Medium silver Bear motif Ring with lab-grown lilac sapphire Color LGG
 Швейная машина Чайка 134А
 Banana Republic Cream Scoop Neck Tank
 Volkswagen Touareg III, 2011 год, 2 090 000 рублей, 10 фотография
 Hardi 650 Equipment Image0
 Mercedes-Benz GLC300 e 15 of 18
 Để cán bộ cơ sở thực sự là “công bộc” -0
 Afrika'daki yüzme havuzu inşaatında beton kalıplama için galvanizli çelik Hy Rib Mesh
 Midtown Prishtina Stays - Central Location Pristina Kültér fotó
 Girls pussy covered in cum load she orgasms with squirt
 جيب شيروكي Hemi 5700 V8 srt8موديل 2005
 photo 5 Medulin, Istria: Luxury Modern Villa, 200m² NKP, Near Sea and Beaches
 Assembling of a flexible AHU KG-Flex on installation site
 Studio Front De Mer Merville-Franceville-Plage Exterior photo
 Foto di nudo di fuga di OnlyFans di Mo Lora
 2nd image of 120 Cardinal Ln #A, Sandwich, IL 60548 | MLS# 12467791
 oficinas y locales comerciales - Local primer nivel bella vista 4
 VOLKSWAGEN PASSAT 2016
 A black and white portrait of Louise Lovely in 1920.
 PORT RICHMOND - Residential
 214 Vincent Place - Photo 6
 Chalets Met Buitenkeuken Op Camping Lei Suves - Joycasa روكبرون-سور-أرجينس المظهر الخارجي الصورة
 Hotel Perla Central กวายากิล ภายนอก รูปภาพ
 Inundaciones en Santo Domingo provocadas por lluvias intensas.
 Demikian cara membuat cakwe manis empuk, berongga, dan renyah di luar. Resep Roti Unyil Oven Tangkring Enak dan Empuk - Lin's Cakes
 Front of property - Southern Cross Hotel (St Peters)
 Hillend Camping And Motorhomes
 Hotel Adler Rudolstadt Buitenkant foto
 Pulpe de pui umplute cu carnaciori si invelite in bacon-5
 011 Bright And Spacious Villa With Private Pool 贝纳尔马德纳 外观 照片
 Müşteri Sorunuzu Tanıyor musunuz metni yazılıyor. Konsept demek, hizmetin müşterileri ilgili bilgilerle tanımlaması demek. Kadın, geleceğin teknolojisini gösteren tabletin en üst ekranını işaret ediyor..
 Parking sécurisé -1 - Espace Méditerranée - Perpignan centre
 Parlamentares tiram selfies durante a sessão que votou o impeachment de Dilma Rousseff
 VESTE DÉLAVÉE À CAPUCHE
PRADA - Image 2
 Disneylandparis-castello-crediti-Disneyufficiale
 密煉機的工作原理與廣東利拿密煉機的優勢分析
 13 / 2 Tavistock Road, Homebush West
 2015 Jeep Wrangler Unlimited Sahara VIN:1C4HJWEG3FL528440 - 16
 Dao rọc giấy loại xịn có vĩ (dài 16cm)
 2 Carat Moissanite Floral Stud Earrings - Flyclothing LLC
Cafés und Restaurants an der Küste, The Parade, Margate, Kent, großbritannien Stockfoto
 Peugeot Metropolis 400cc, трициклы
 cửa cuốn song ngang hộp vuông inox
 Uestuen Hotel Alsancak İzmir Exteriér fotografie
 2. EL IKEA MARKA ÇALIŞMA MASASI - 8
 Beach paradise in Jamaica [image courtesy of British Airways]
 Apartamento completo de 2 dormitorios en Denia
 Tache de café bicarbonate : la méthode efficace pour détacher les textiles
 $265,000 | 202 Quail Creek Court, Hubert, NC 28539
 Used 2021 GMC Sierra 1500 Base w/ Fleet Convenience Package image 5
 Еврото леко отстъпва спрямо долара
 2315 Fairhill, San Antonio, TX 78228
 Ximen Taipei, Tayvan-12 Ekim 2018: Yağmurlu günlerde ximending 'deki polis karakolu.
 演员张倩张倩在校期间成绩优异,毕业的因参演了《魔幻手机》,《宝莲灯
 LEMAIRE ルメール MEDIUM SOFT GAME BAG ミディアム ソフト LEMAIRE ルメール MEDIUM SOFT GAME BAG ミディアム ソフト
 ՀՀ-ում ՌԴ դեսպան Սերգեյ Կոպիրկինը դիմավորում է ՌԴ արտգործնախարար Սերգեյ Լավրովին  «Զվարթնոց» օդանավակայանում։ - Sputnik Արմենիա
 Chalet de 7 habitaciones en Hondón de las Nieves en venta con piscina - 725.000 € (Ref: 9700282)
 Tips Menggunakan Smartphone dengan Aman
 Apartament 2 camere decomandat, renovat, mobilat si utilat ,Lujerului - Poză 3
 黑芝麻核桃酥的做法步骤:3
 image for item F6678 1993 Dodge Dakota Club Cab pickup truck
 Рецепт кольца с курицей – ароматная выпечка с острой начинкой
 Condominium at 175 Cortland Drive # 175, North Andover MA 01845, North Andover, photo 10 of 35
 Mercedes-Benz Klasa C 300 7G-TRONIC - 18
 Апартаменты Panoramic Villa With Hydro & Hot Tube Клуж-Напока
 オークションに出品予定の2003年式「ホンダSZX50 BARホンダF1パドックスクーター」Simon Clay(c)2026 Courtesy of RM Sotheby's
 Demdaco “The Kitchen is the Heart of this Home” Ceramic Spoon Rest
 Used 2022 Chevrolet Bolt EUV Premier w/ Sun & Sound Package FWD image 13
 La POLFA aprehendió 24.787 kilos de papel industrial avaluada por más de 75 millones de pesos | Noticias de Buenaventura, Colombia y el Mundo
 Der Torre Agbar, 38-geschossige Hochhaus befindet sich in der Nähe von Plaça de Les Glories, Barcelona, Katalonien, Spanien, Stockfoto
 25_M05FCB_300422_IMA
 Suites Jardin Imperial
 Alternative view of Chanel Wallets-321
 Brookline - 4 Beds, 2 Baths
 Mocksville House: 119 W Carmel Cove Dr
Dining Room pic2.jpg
• • • •
■ **Directions**
Scan the listing above for the line that has "Hillend Camping And Motorhomes", then copy exactly from that line through the line that has "13 / 2 Tavistock Road, Homebush West".

■ **Solution for this task**
 Hillend Camping And Motorhomes
 Hotel Adler Rudolstadt Buitenkant foto
 Pulpe de pui umplute cu carnaciori si invelite in bacon-5
 011 Bright And Spacious Villa With Private Pool 贝纳尔马德纳 外观 照片
 Müşteri Sorunuzu Tanıyor musunuz metni yazılıyor. Konsept demek, hizmetin müşterileri ilgili bilgilerle tanımlaması demek. Kadın, geleceğin teknolojisini gösteren tabletin en üst ekranını işaret ediyor..
 Parking sécurisé -1 - Espace Méditerranée - Perpignan centre
 Parlamentares tiram selfies durante a sessão que votou o impeachment de Dilma Rousseff
 VESTE DÉLAVÉE À CAPUCHE
PRADA - Image 2
 Disneylandparis-castello-crediti-Disneyufficiale
 密煉機的工作原理與廣東利拿密煉機的優勢分析
 13 / 2 Tavistock Road, Homebush West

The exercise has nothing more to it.